So how did you do, detective? Did you see that the funicular carriage in the turn-of-the-century postcard has the name Etna on the back of it?
This Italian funicular carriage, named Etna, was on it's way to the top of Mount Vesuvius, an active volcano rising above the Bay of Naples in southern Italy. A funicular relies on equilibrium to work, so every carriage needs a ballast (usually another carriage) to get it up and down the slope. In this case, Etna had a sister carriage named Vesuvio. (see photo)
The funicular was first introduced to tourists on June 10th, 1880 by the Hungarian engineer with the cool name of Ernesto Emanuele Oblieght. The construction of this funicular railway inspired the famous Neapolitan song Funiculi Funicula. The first funicular was a double-track monorail, described in the January 1892 issue of The Tramway and Railway World: "The peculiarity of the railway is found in its single-rail construction, which consists of wooden stringers laid longitudinally and carrying a single rail, upon which ride the central wheels of the car. There are, however, two other rails placed on either side of the sleeper near its base. These side rails are laid at an angle, and are adapted to wheels whose axles project from the floor of the coaches and bear closely against the rails on either side of the sleeper, thus keeping the carriage firmly upright."

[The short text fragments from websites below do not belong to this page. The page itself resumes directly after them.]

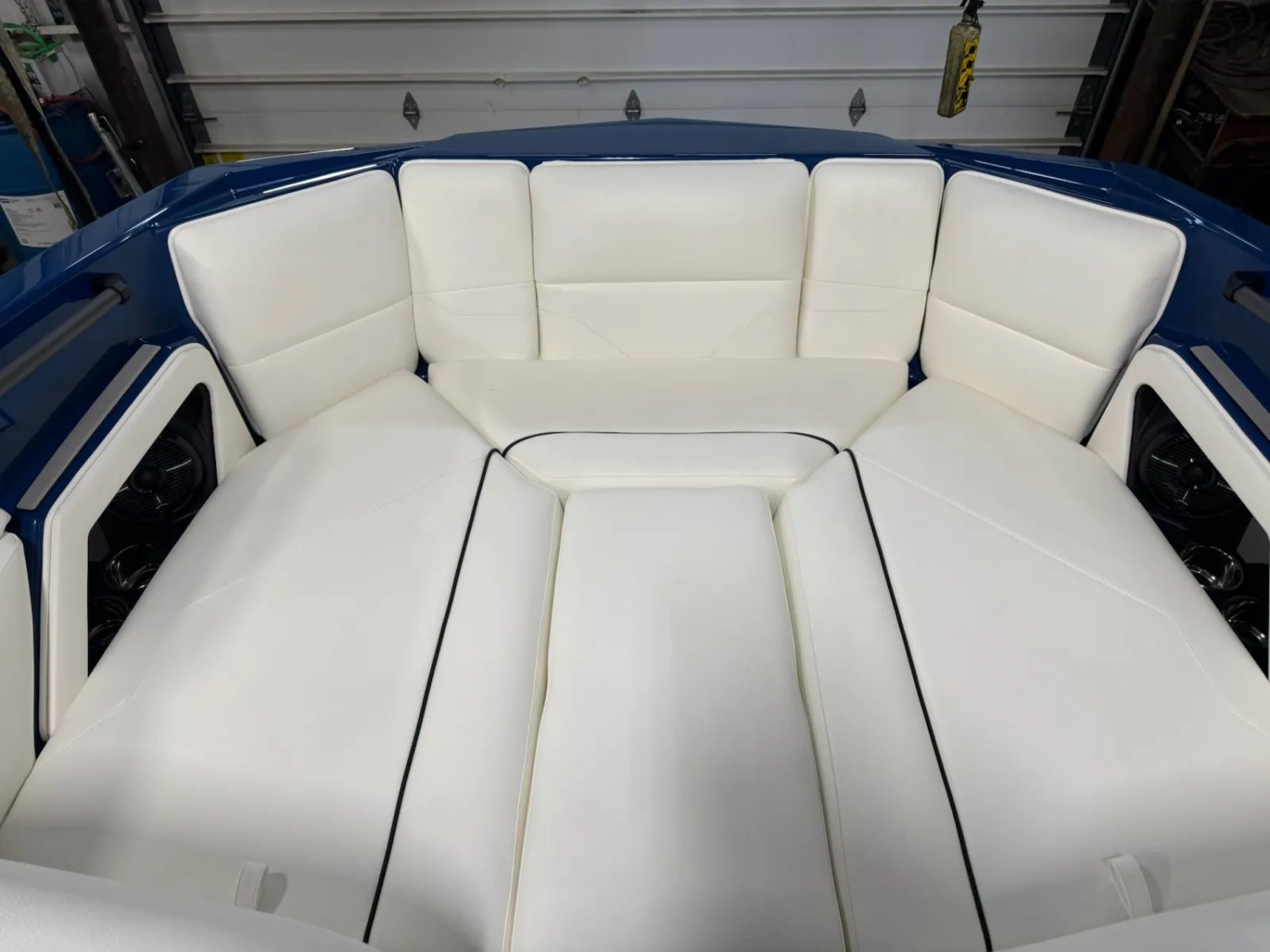 2026 MOOMBA MAX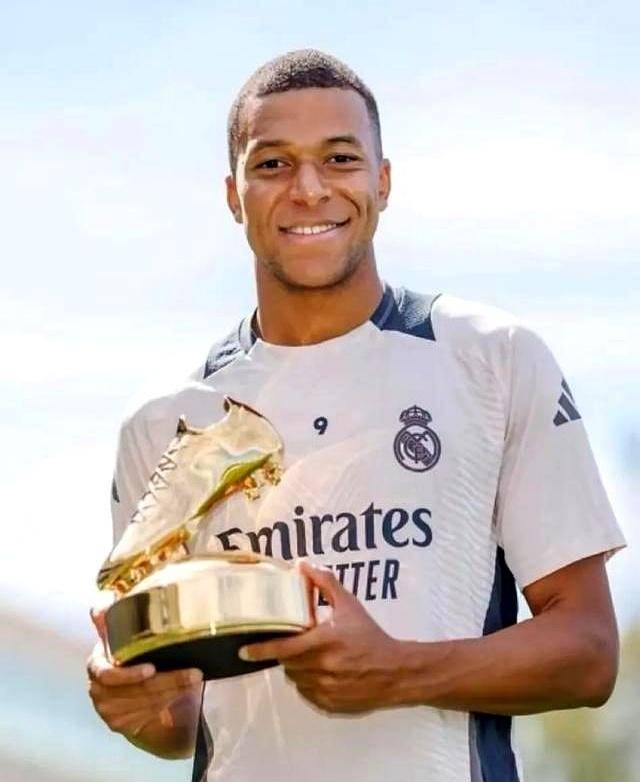 汉堡与托特纳姆热刺就武什科维奇的租借事宜进行了正式谈判（汉堡与托特纳姆热刺正式磋商武什科维奇租借事宜）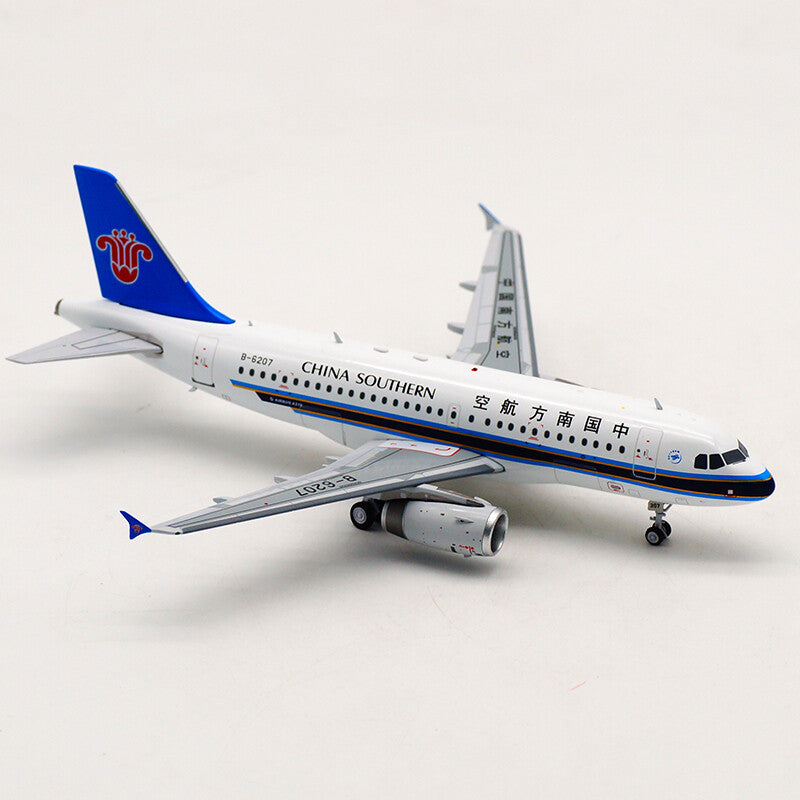 Inflight CHINA SOUTHERN AIRLINES AIRBUS A319 B-6207 1/200 diecast model aircraft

When John Mason Cook took over the funicular line in 1886 from his father, the famous Thomas Cook, he rebuilt the older, failing carriages and, to keep faith with his clients, he advanced money (from his own pocket) to keep the funicular going. In 1887, the original owners gave up and J.M. Cook bought them out, the funicular becoming his personal property.
In use from 1889 to 1904, Etna and Vesuvio brought 10 passengers (and one driver) on each 12-minute ride to the summit of the volcano. On busy days, the funicular could carry up to 300 passengers, each paying about $5US for the journey from Naples to the summit of Vesuvius. So, as you might imagine, backpackers during the turn of the century couldn't afford to go on the ride. But this was more than a problem for backpackers for the funicular wasn't making a profit! Coal for the winding engine had to be brought up on horseback and the concession payments absorbed most of the profits.

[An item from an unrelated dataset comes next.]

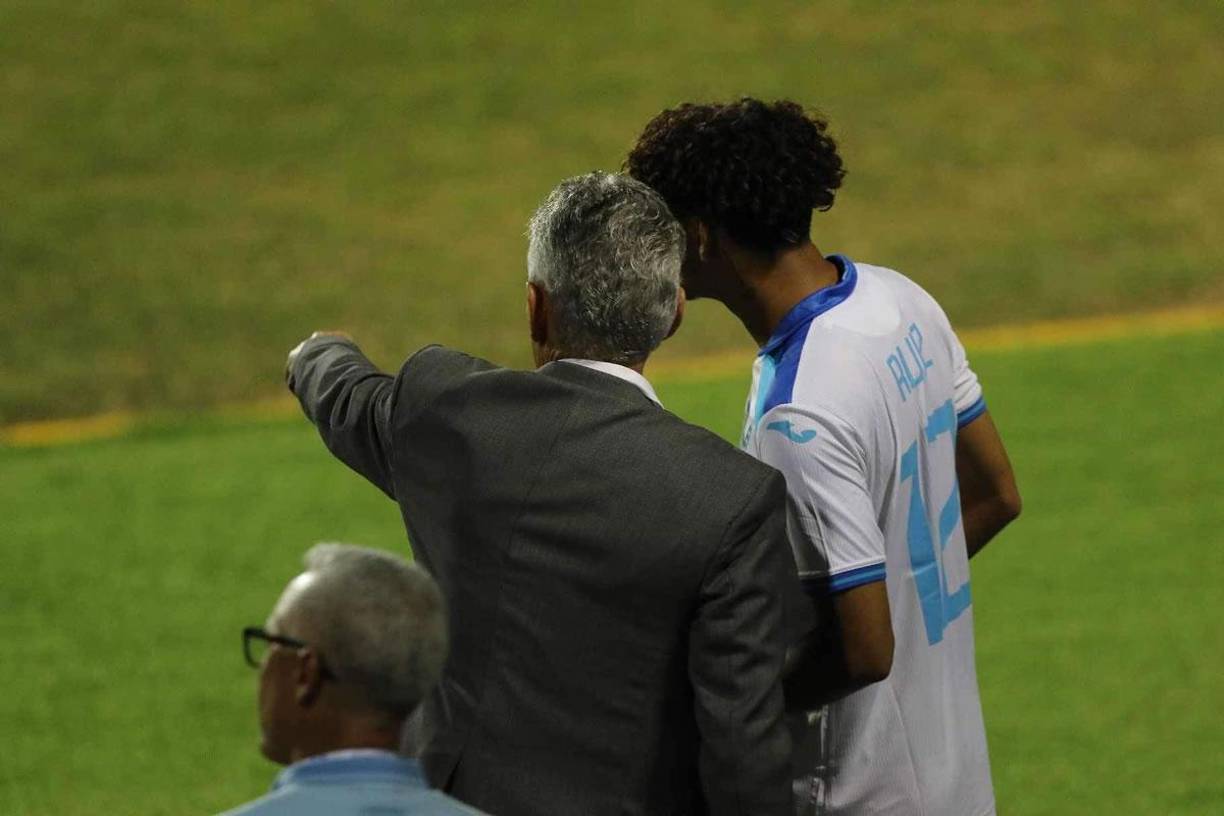 Reinaldo Rueda le dio indicaciones a David Ruiz antes de meterlo al campo para su debut con la Selección de Honduras.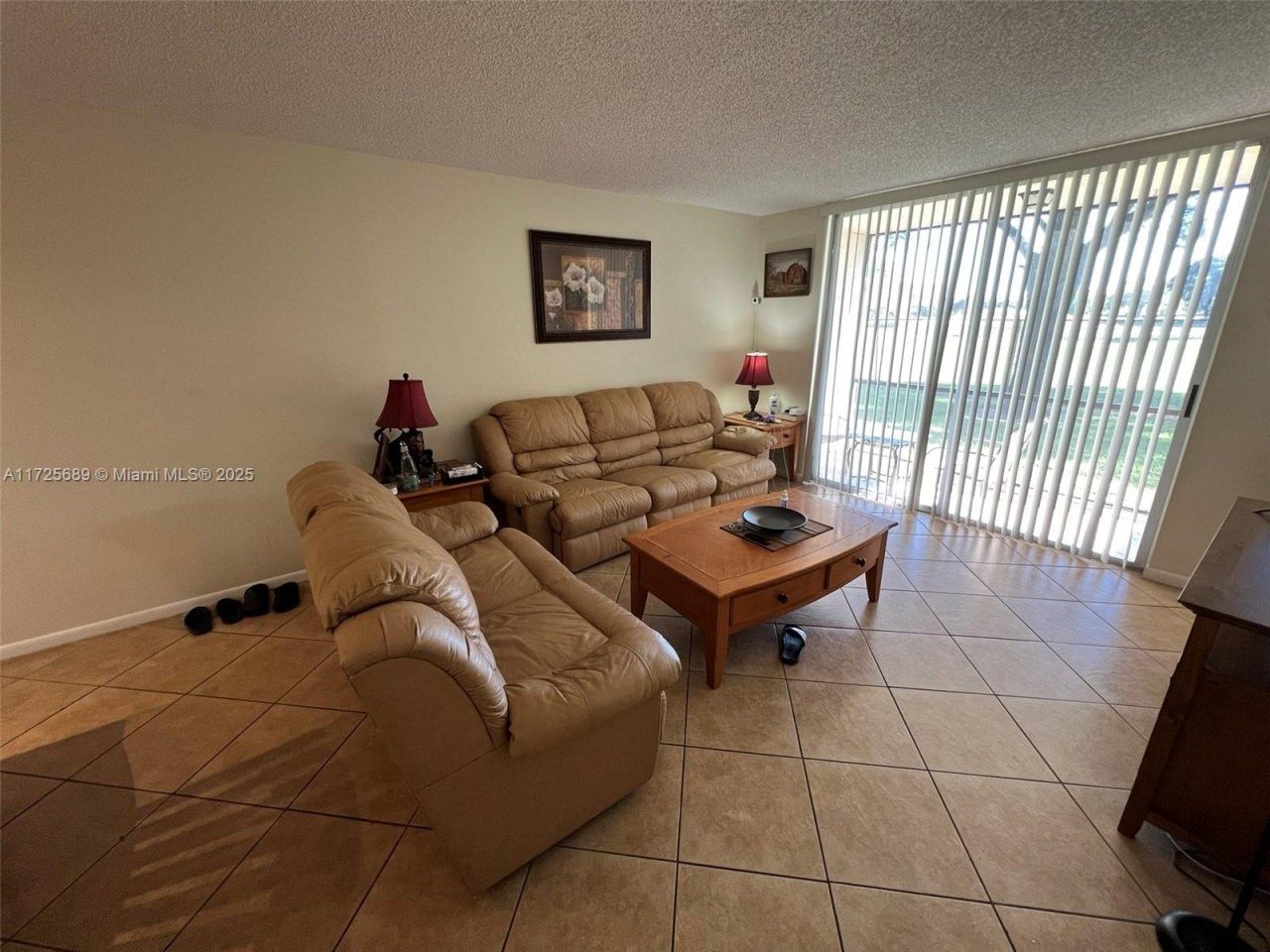 3300 W Rolling Hills Cir, Unit 102, Davie, FL 33328 Photo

John Mason Cook had enough. For years he had to pay an extortinate amount to his guides to keep it going, so in 1889, he refused to continue payments to the group. Acting with the emotional intensity for which Italians are famous for, guides burned down the station, cut the track and threw one of the carriage into the deep chasm of the volcano!
If you visit Vesuvius today, you can still see signs of the tracks as well as the ruins of the lower station at the base of the mountain.